Since then it’s grown into a network that includes social services and welfare departments in local authorities, public research organisations and regulation and inspection agencies – over 120 organisations in 35 countries, not only the EU but also accession countries such as Serbia and countries in the Eastern Neighbourhood Partnership such as Georgia.
We are funded partially by the European Commission in order to undertake a knowledge exchange programme to support policy development. We monitor social services across a range of areas, including children, working people with disabilities, mental health and older people - and look at the range of issues around integrated care and support for the most vulnerable in society.
What kinds of problems are your members sharing, and what are the biggest issues?
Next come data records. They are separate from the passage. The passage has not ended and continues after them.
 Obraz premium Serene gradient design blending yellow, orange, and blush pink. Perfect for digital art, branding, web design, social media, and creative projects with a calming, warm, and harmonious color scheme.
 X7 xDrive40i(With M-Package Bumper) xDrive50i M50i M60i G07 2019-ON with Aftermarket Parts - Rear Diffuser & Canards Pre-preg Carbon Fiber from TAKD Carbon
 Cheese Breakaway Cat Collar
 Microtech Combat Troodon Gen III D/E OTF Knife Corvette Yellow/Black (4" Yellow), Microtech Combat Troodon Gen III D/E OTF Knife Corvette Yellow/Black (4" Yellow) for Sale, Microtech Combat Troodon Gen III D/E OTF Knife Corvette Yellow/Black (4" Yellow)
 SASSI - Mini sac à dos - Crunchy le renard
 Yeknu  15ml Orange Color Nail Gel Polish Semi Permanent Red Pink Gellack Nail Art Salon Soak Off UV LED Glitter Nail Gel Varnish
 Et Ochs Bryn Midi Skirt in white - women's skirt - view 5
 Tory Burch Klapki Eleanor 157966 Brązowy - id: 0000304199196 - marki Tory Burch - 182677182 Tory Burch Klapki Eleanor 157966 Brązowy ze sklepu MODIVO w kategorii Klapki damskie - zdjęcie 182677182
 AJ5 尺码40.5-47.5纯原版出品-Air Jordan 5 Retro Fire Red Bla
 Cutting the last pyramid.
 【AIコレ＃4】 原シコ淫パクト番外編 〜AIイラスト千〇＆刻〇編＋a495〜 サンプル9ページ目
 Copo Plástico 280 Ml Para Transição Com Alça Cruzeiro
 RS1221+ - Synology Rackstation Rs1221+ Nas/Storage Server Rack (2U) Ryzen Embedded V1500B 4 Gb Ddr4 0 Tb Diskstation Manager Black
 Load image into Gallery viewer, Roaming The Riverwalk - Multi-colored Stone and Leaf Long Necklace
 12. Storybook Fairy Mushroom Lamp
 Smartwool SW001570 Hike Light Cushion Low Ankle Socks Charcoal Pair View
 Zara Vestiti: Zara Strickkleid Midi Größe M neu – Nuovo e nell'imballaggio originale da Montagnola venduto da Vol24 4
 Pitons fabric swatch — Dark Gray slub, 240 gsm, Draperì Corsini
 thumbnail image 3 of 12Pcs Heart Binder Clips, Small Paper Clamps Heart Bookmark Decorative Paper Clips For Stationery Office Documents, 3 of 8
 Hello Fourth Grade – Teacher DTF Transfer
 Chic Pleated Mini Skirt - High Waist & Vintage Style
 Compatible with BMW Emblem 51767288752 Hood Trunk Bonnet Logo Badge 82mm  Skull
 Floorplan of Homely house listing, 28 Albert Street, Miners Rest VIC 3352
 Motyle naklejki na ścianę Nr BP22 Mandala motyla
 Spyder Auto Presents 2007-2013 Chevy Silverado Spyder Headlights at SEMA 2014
Many of the key issues that our members are looking at are to do with personalised and integrated service provision. Social services alone cannot address many of the issues a person may face, and moving to a more personalised approach and providing services in an integrated way – are vital. This is a common challenge for countries across Europe, not just the UK.
The issue of funding, particularly in the field of long-term care, is key too. How can you ensure that services can be sustainable in the long-term? There are a lot of discussions around the best way to do that: universal versus targeted, or ‘means tested’, approaches would be one, but there are many others.
We are also looking at how perceptions have changed around service users - they are increasingly becoming active agents themselves and want to contribute and be part of the design, delivery and evaluation of those services.
Can solutions be universal or do they have to be culturally specific?
Of course, there are certain political and governance frameworks to work within, and we are all very aware of that - but above that, you have a group of people who are working with people who have a similar set of problems, which allows us to step out of the frameworks to some extent.
By putting the person in the centre it’s easier to ask ourselves how are we going to make sure services are designed, developed, implemented and delivered around them. It ensures we can look at different solutions first, and then how those can be adapted to a country’s specific framework.
Why are personalisation and integration high on the agenda now?
One of the reasons as to why the integration agenda has been pushed is to do with the financial crisis, and in part realising that there are a number of duplications in the way services are being implemented.
There has also been a change in the way we understand the role of service users and their needs. If you have a person with multiple problems they may have to go to a number of ‘windows’, as we call them, to access the services they need.
It may be better to provide one “window” as the entrance to those services from which this person can then be referred. This also relates to the issue of personalisation - providing services in a more integrated way like this allows us to provide better answers to the needs of these users.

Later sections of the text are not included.